The dedication, which was engraved in large letters below the facade mosaic, was replaced by a smaller dedication plaque placed at the lower left of the facade, a choice the university alumni magazine called "a tremendous improvement".[31] Camerino's design of the mosaics that were to fill in the empty space created by the removal of the original dedication, which he offered free of charge, were rejected in favor of a simple version created by John K. Branner (son of university president John Casper Branner) in 1914. Camerino, who did not appraise the damage until 1913, restored the interior mosaics. He had saved the original drawings in Venice, so he removed and re-fabricated the chancel mosaic, and redesigned the entire exterior mosaic.[15] The Stanford alumni magazine, in early 1917, after the completion of the interior mosaics, declared the renovation complete, stating that "the church, for almost the first time since it was begun, is finished".[31] Its appearance after the renovation was "significantly transformed".[25]
In 1989 the church was damaged again, in the
The four mosaic angels in the pendentives, which decorated its high rounded walls directly below the church's dome and served as the setting beds for hundreds of thousands of tesserae, were severely damaged.[33] Parts of the fallen mosaics were stolen, but later returned anonymously.[25] The angels' damage caused large chunks of mortar and glass to fall to the floor 80 feet (24 m) below, while other sections "were left hanging by the sheer geometry of their arched shape".[33] An eight-foot mosaic section of an angel's left wing in the church's northeast corner fell 70 feet (21 m) to the floor. Several stones from the east arch wall fell onto pews in the balcony, and the organ-loft railing collapsed inward. Although the damage was minor, the church remained closed until 1992 while restoration, as well as a bracing project to protect the building from future earthquakes, without changing the building's decorations, was carried out. The university hired a team of contractors, structural engineers, architects, and conservation specialists to develop a renovation plan, which was paid for by a $10 million fundraising drive. Many donations came from undergraduates, and the university's board of trustees approved the plan before its funding was in place because they recognized the church's importance to Stanford.[34][25]
In this restoration, the entire crossing was strengthened by bracing it behind the dome and securing it to the superstructure of the building.[32] The restoration team evaluated every decoration in the church and made improvements and changes as necessary, in order to preserve the building's interior elements.

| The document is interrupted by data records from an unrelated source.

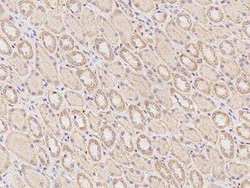alpha-N-terminal Methyltransferase 1A/METTL11A Antibody, Novus Biologicals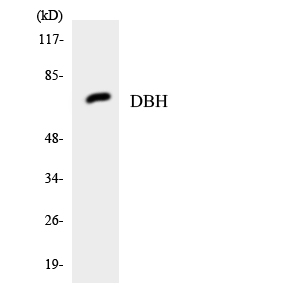 DBH Rabbit Polyclonal Antibody | 兔多抗 | EnkiLife恩玑生命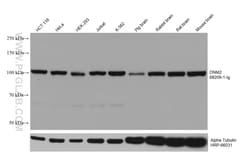 DNM2 Mouse Monoclonal Antibody, Proteintech Unconjugated; 20 &mu;L:Antibodies,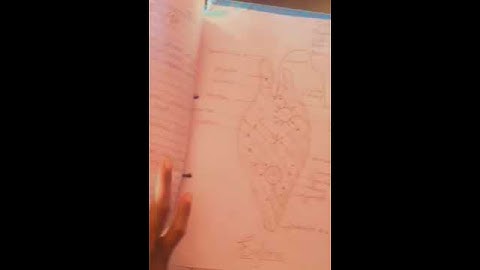 #video ,B.Sc 1st semester Zoology practical file #bsc   biology #viralvideo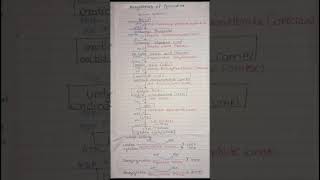 Biosynthesis of Pyrimidine biochemistry bpharmacy pyrimidine shortsyt trendingshorts viral [upl. by Kippie701]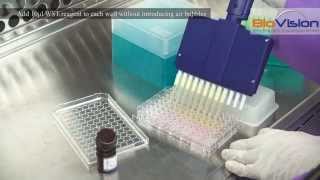 Cell Proliferation Assay Kit Video  Biovision Inc [upl. by Annabel]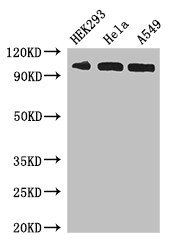 IPO13 antibody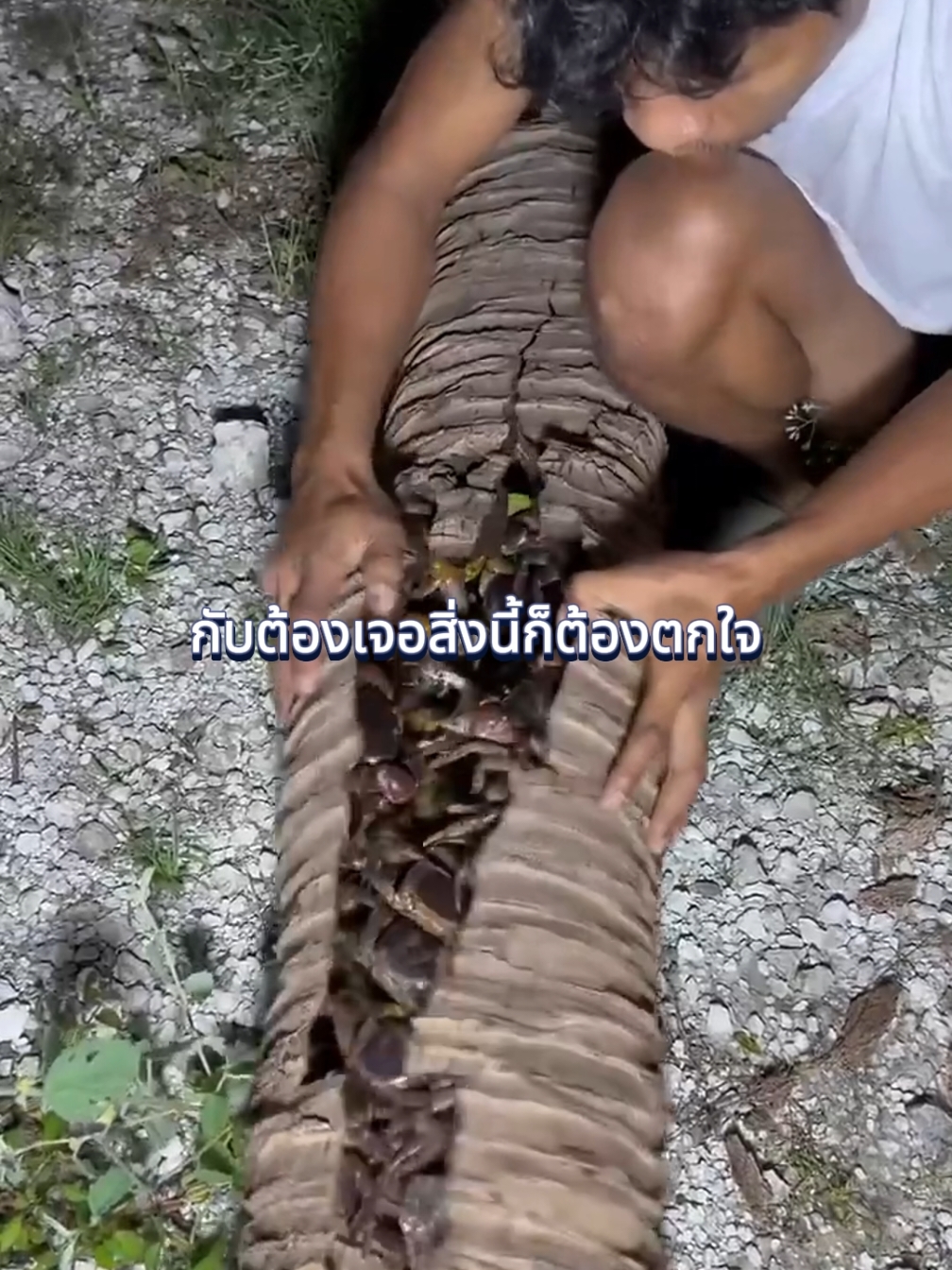 ในลำต้นมะพร้าวมีปูเต็มเลย! #เล่าเรื่อง #น่าทึ่ง #ปู #viralvideo 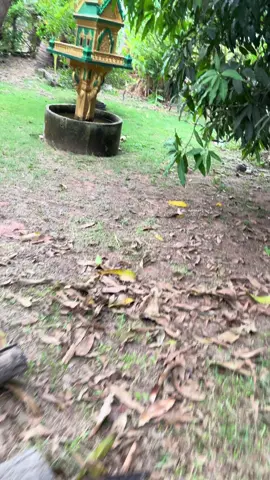 #ពស់ធំណាស់ #snake #😂😂😂 #funny #viral #foryou #fyp 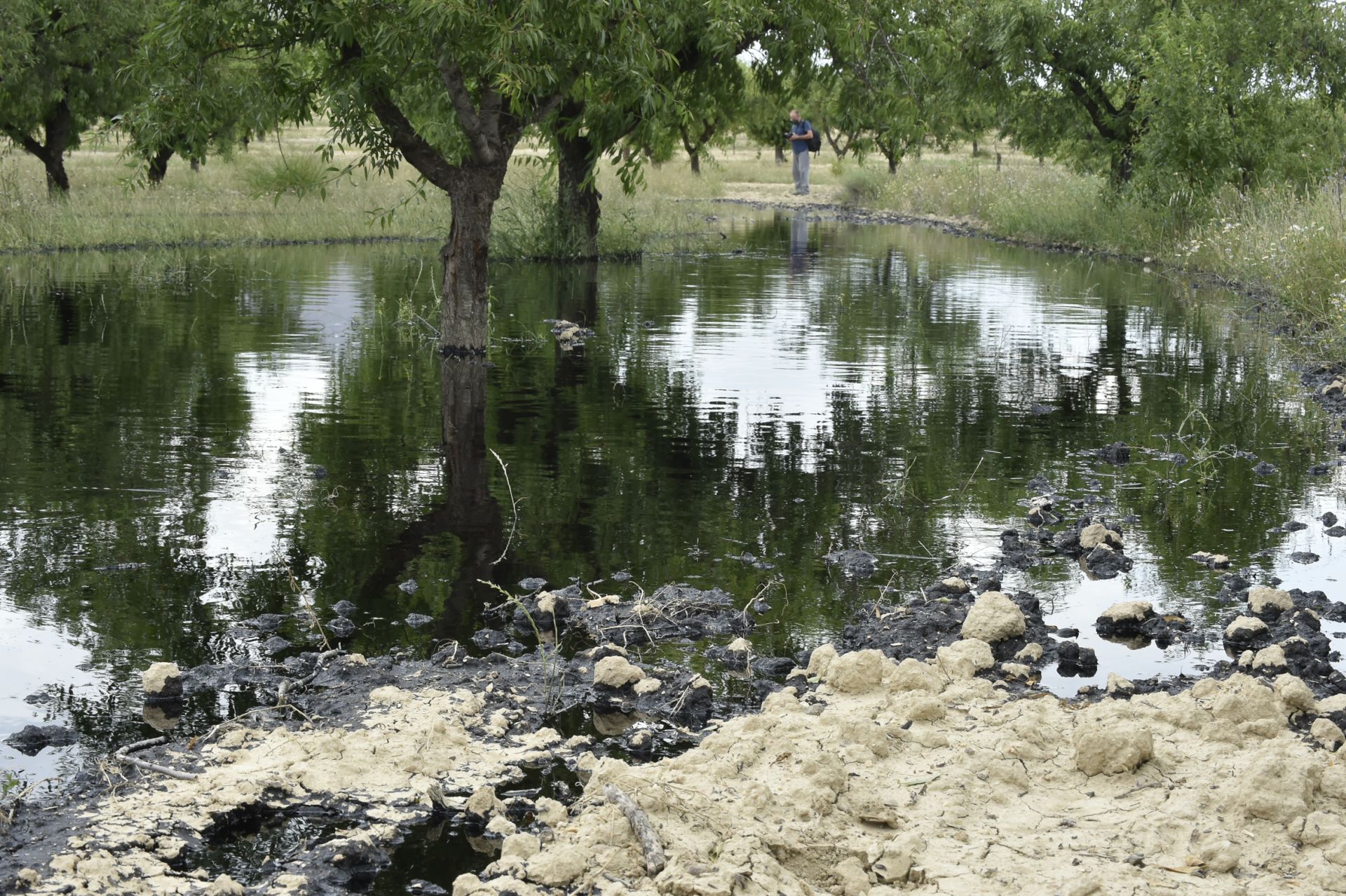 Las imágenes del vertido de petróleo en una finca de Calasparra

They also discovered that the crossing's four large arches were hollow; they also found remnants of the steel frame that supported the original clock tower within a 20" void space in the church's arched walls. They had to fill the void with more than 470 tonnes of concrete and several layers of reinforcing steel in order to improve the walls' stability, an accomplishment the Alliance called "one of the most challenging retrofit feats implemented at Stanford".[25]
The roofs, which had not been replaced since 1913, were rebuilt with plywood diaphragms, 30,000 new red clay tiles were installed, and the stones from the decorative arches were reinserted. The wing of the damaged angel was restored;[32] Stanford University hired William Kreysler and Associates to create a new backing system to secure this angel and three other mosaic angels to the base of the dome, which included replacing the original bonding materials (a weak lime mortar), with steel angles that anchored the mosaics to the walls and with a stronger polymer resin.[33][25] [note 6] The renovators found a piece of the original mosaic from the vestibule wall, which had a Chi Rho design, in the foundation, and inserted it into the Communion Table in the chancel, linking the current building with the pre-1906 church.[35] The Victorian chandeliers were repaired and rewired, and the transept balconies, which had been closed for twenty years because they were declared unsafe, were reopened, after the false doors on the south side of each balcony were replaced by emergency exits and connected to existing staircases on the other side of the wall.[36] A new sprinkler system and a new audio system was also installed.[25] Stanford Memorial Church was rededicated by chaplain Robert C. Gregg on November 1, 1992.[36]
Influence
Gifted as a preacher as well as a jazz pianist, [B. Davie] Napier turned the chapel into what some regarded as Christian theater—the introduction of jazz and other types of experimental worship as well as provocative preaching. Suddenly a jam-packed Memorial Church became the fashionable place for undergraduates to congregate on weekends.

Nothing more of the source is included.